A story picked up from the Associated Press that was published by The Seattle Times on March 2, 2006 and made national news, is titled “Oregon Teen Heads to Juvenile Detention For Pinching Another Boy’s Nipple.” The first line of the article gives the surface story: “A teen who pinched and twisted another boy’s nipple while standing in line at a deli has been sentenced to four days in juvenile detention because he refused to write a letter explaining his actions.” Reading this, I’m already up in arms when it gets worse. It appears from the article as if this youth has been in a mediation program that required the “offender” to describe his “crime” in detail and explain his “thinking errors.” My worst fears surged forward as I conjured up images of Stalinesque tactics and a government bureau of thought police.


To protect myself from myself, and my propensity to shoot first and aim later, I interviewed Mary Miller, the Executive Director or Mediation Works. As per usual, there’s the exterior — what’s all too easy too believe — and then there’s the interior space of complexity that takes some time to sort out.


The movie “Crash,” the recent recipient of the Academy Award for Best Picture, offered a similar experience and I’ve found a useful reference for the inside/out kind of trick our minds can play on us. The remorseless racist L.A. cop who bullies, intimidates, and scandalizes a Black couple in scene one, and leaves me hoping he gets shot, is one and the same cop who risks his life to save the woman in scene five.
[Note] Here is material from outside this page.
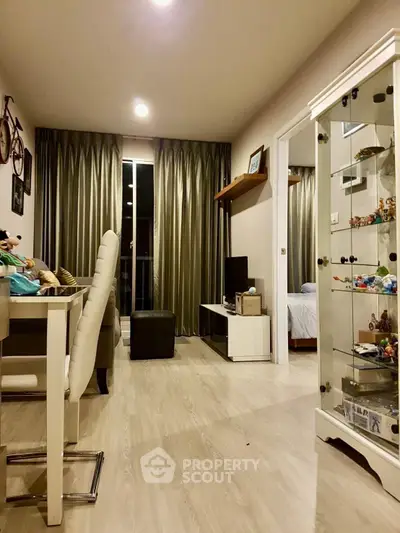 Modern living room with elegant decor and open layout, featuring a cozy seating area and stylish furnishings.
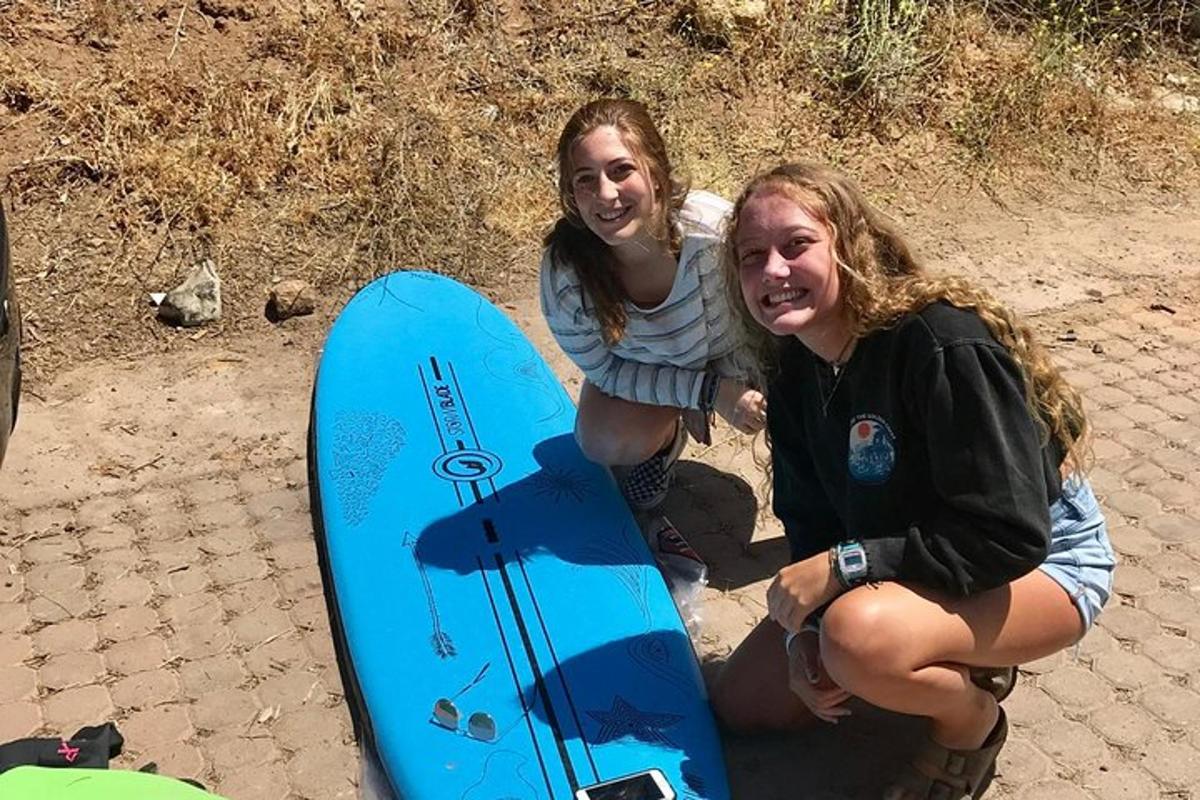 Dos mujeres están arrodilladas junto a una tabla de surf azul.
Things may not be what they seem, or they may be, but there is more to it.


Dedicated professional mediators were particularly susceptible to the outrage this article seemed to report. Mediation had crashed, or so it seemed: at first blush, there appears to be an implicit suggestion that this kid was being sent to detention for failure to mediate and on the order of a mediator. This ‘mediation’ seemed to be a perfect illustration of my worst fears of the co-option of the process by courts. It had become institutionalized as was nothing more than another means of social control. Notions of personal autonomy and self determination seemed nowhere in sight and mediation, as I knew it, was twisted beyond recognition.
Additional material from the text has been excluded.